C’est pour stimuler la croissance économique, relever l’inflation et affaiblir leur taux de change que plusieurs banques centrales, notamment en Europe, ont opté pour offrir des taux négatifs. Par exemple, la Banque centrale européenne (BCE), la Banque nationale suisse (BNS), la Banque de Suède (Riksbank) et la Banque nationale du Danemark ont décidé d’appliquer un taux d’intérêt négatif à leur déposant.
Dans cette situation, les épargnants peuvent se retrouver à payer de l’intérêt pour leurs dépôts. Les banques centrales espèrent ainsi pousser les institutions financières à utiliser leurs surplus de fonds pour, notamment, accorder plus de prêts.
À l’opposé, les gouvernements reçoivent maintenant des revenus d’intérêt lorsqu’ils se financent. Fait important, à l’échelle du détail, les individus ou les entreprises qui profiteraient des taux négatifs sur leurs emprunts sont rares, selon Desjardins.
Pourquoi ne pas fuir vers les liquidités?
Dans ce contexte, il pourrait sembler une bonne idée, pour un épargnant, de retirer les sommes investies et de les conserver en liquidités afin d’éviter de payer des intérêts sur ses dépôts. Or, c’est sans compter les nombreux désavantages de détenir d’importantes sommes d’argent physiques.
« Détenir de l’argent peut vite devenir encombrant. Les délais de transactions sont aussi accrus en raison du temps consacré au comptage et au recomptage. Pour poursuivre, des enjeux de sécurité doivent être considérés, ce qui peut en découler des coûts pour l’achat d’un coffre-fort ou pour une nouvelle police d’assurance. Enfin, l’argent comptant est sujet à la dégradation, fragile aux intempéries et aux accidents», écrit Hendrix Vachon, économiste senior chez Desjardins.
Régimes de retraite et assureurs
Les taux d’intérêt négatifs sont aussi défavorables, à long terme, pour les régimes de retraite et les assureurs déjà affectés par la période actuelle prolongée de bas taux. Rappelons que des taux négatifs aggraveraient notamment la situation des caisses de retraite à prestations déterminées.
« [Les taux négatifs] les obligeraient à revoir à la hausse le niveau de cotisation des contributeurs ou à réduire la rente promise aux futurs retraités, note Hendrix Vachon. Ceux qui ne disposent pas d’un tel régime de retraite font tout de même face à un problème similaire et doivent soit augmenter leur taux d’épargne, soit travailler plus longtemps ou revoir à la baisse leurs revenus espérés à la retraite.»

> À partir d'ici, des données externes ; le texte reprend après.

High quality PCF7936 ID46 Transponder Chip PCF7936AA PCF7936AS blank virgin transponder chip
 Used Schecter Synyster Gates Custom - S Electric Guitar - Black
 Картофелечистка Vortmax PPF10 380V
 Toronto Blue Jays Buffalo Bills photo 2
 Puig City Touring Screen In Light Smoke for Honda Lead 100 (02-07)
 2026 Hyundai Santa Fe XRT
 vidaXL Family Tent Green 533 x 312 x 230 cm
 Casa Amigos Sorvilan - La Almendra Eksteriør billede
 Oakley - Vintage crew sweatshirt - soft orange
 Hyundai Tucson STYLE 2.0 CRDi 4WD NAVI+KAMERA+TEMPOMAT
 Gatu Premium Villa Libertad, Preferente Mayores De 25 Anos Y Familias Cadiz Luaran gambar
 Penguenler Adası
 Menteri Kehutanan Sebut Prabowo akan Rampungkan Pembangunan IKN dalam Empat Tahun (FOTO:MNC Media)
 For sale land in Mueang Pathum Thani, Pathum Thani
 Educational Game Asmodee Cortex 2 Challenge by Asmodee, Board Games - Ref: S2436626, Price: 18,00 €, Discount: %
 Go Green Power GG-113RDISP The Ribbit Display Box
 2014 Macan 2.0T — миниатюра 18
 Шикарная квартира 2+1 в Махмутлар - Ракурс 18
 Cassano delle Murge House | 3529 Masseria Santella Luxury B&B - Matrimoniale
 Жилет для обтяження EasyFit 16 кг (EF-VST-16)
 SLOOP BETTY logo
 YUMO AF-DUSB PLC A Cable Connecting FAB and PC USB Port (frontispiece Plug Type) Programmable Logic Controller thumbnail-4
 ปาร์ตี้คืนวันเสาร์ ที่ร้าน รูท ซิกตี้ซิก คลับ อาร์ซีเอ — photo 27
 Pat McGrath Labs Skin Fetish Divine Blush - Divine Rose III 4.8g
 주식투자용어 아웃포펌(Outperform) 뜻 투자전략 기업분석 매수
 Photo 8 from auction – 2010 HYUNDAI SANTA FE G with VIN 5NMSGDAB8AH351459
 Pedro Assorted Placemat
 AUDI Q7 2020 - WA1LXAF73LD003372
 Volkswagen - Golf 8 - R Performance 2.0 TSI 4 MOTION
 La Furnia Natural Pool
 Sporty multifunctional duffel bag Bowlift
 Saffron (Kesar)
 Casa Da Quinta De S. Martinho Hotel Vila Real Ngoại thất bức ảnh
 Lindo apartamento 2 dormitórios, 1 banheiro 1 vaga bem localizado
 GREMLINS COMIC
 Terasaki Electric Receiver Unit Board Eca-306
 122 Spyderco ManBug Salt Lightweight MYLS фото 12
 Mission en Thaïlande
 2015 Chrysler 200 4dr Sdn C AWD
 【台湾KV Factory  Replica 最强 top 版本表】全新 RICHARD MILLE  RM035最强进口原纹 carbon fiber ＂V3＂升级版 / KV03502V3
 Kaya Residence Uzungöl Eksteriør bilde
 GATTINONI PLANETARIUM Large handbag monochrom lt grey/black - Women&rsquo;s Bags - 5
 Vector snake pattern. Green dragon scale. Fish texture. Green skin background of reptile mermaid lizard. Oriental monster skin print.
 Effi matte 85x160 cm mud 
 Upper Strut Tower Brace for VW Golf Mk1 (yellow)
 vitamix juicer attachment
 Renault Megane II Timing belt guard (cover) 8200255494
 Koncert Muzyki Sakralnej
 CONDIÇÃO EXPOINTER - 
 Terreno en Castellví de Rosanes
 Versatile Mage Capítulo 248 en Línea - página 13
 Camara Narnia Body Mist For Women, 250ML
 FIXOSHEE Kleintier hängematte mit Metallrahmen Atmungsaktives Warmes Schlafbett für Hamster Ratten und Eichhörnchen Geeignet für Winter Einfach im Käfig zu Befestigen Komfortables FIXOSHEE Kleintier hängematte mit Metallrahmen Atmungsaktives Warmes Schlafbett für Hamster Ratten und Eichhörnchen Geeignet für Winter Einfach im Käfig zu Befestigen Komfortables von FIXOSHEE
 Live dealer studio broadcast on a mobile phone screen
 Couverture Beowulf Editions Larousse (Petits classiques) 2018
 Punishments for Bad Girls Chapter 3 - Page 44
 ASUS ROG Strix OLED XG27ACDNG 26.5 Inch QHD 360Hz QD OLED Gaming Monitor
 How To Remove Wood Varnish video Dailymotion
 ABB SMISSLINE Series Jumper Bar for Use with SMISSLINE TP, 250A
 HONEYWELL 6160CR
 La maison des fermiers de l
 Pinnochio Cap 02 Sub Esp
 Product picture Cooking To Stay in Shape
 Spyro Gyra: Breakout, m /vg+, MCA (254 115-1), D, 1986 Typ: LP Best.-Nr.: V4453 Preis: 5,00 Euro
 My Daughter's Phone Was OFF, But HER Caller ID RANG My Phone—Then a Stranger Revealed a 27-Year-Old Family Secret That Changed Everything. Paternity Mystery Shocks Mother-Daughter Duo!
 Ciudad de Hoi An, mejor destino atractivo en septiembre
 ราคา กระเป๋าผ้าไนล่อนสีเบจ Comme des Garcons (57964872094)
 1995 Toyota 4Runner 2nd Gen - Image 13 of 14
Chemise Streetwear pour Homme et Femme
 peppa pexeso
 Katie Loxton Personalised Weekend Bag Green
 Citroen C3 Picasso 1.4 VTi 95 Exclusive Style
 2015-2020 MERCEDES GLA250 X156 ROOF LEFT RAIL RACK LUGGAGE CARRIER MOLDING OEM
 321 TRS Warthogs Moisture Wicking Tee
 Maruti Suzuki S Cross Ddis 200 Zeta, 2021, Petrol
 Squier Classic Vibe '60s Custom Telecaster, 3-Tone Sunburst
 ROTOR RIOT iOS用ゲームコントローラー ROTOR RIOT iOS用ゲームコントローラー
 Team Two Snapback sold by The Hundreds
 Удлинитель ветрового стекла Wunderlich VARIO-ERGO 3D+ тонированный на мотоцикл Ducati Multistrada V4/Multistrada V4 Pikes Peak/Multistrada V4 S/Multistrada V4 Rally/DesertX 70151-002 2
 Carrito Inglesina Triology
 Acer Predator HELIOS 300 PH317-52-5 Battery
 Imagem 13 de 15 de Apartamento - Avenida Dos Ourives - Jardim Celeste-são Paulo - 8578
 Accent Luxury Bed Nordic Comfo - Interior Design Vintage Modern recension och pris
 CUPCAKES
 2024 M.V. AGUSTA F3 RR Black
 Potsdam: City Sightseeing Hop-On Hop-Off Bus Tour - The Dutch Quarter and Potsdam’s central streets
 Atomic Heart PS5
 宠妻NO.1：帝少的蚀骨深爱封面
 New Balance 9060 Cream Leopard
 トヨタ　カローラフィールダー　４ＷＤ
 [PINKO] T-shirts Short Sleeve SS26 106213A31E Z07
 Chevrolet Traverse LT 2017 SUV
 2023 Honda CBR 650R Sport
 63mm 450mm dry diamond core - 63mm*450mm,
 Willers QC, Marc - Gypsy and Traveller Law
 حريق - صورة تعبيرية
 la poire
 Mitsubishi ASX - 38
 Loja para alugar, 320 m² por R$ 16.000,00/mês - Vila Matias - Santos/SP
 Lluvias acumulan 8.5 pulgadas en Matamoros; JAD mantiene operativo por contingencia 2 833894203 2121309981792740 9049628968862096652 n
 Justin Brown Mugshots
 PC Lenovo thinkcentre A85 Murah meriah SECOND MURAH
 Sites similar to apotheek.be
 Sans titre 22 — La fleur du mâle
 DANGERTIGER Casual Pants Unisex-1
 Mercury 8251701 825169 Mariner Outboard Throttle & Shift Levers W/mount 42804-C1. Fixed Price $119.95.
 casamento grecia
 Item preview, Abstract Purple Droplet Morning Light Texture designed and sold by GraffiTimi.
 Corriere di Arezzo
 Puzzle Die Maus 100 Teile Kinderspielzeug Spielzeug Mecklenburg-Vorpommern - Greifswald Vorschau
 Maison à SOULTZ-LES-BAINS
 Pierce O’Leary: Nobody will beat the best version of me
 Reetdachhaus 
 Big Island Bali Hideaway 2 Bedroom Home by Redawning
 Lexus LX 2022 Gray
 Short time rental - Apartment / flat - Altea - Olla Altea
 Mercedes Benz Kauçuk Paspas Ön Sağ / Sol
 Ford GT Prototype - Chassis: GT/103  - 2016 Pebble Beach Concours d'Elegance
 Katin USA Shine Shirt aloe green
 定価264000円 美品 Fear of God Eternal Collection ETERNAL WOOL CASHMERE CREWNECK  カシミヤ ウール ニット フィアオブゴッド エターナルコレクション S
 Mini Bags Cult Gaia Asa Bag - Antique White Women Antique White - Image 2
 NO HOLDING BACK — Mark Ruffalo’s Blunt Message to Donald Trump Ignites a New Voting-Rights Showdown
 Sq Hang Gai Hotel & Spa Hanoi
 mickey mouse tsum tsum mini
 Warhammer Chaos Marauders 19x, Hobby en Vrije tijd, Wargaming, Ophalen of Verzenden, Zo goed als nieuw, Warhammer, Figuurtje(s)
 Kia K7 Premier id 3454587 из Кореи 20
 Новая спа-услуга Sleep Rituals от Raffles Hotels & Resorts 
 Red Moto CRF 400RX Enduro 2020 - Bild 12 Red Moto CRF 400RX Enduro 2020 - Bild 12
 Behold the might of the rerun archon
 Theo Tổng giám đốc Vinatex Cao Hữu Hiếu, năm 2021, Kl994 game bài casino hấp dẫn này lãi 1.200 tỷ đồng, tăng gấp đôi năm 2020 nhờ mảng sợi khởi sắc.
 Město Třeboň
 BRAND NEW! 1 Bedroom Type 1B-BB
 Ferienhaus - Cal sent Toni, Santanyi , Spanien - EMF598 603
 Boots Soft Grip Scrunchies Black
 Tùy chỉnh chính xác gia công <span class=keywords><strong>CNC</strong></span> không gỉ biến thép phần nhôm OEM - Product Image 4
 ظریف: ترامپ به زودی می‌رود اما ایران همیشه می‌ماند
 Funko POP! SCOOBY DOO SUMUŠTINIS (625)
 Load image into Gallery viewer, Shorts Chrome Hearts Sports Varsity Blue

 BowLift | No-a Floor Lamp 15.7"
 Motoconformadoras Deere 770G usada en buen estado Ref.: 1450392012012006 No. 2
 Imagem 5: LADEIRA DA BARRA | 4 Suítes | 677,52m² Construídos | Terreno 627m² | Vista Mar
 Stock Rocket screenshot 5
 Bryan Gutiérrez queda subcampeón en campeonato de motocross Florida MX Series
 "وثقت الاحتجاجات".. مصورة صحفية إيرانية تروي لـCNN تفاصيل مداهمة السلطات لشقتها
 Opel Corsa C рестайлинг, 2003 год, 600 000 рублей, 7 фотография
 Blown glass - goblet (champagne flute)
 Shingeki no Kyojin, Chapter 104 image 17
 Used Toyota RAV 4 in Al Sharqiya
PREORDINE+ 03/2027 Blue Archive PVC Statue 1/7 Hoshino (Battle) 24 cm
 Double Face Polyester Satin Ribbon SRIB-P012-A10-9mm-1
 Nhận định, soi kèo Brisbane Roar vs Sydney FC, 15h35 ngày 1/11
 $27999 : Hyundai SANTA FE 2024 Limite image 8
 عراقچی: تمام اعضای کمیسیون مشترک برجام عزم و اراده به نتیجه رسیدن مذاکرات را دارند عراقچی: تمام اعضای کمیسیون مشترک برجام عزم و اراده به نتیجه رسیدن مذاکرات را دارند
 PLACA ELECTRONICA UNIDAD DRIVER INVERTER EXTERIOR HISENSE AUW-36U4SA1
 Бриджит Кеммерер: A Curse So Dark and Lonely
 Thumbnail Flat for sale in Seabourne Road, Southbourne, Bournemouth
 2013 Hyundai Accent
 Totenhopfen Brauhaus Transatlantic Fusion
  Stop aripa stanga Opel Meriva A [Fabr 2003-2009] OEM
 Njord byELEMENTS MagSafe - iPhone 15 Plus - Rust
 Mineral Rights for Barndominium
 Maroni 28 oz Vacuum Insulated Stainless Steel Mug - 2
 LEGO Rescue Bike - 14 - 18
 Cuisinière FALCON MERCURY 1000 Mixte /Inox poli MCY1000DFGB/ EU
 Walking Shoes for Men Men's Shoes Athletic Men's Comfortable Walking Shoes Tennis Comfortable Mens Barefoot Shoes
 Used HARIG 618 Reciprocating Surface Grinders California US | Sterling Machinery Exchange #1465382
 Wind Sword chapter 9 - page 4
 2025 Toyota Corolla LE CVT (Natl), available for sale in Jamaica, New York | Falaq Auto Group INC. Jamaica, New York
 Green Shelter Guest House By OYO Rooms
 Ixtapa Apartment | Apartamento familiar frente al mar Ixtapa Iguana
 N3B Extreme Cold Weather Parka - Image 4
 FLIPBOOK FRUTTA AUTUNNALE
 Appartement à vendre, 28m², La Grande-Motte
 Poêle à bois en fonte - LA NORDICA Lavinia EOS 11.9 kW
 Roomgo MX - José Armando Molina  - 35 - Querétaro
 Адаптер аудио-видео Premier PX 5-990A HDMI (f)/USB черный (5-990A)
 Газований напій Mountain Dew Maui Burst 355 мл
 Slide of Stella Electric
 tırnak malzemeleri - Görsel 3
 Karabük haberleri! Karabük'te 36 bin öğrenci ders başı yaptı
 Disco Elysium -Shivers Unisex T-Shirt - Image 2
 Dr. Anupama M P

De leur côté, les assureurs européens voient déjà leur rentabilité menacée par les très faibles taux d’intérêt puisqu’ils ne peuvent pas hausser les primes demandées à leurs clients actuels pour faire face au contexte économique. Les assureurs risquent plutôt de se tourner vers une offre de produits moins sensibles aux taux ou vers une hausse de primes pour leurs nouveaux clients.
Les taux négatifs pourraient aussi entraîner la création de bulles, comme l’écrit Hendrix Vachon: « La faiblesse des taux d’intérêt de détail, qui peut être amplifiée par les taux directeurs négatifs des banques centrales, encourage le crédit et augmente le risque d’une bulle dans le secteur immobilier.»
Bien qu’il admette que les taux négatifs puissent être utiles pour stimuler l’économie, Hendrix Vachon encourage à la prudence: « Il ne faut cependant pas croire qu’ils peuvent être diminués fortement sans que les individus, les entreprises ou les investisseurs réagissent. (…) Pour l’instant, les effets négatifs semblent limités, mais cela peut prendre du temps avant qu’une masse critique d’individus, d’entreprises et d’investisseurs décident de s’adapter à un environnement de taux négatifs. Des coûts potentiellement élevés pourraient donc se manifester d’ici quelques trimestres.»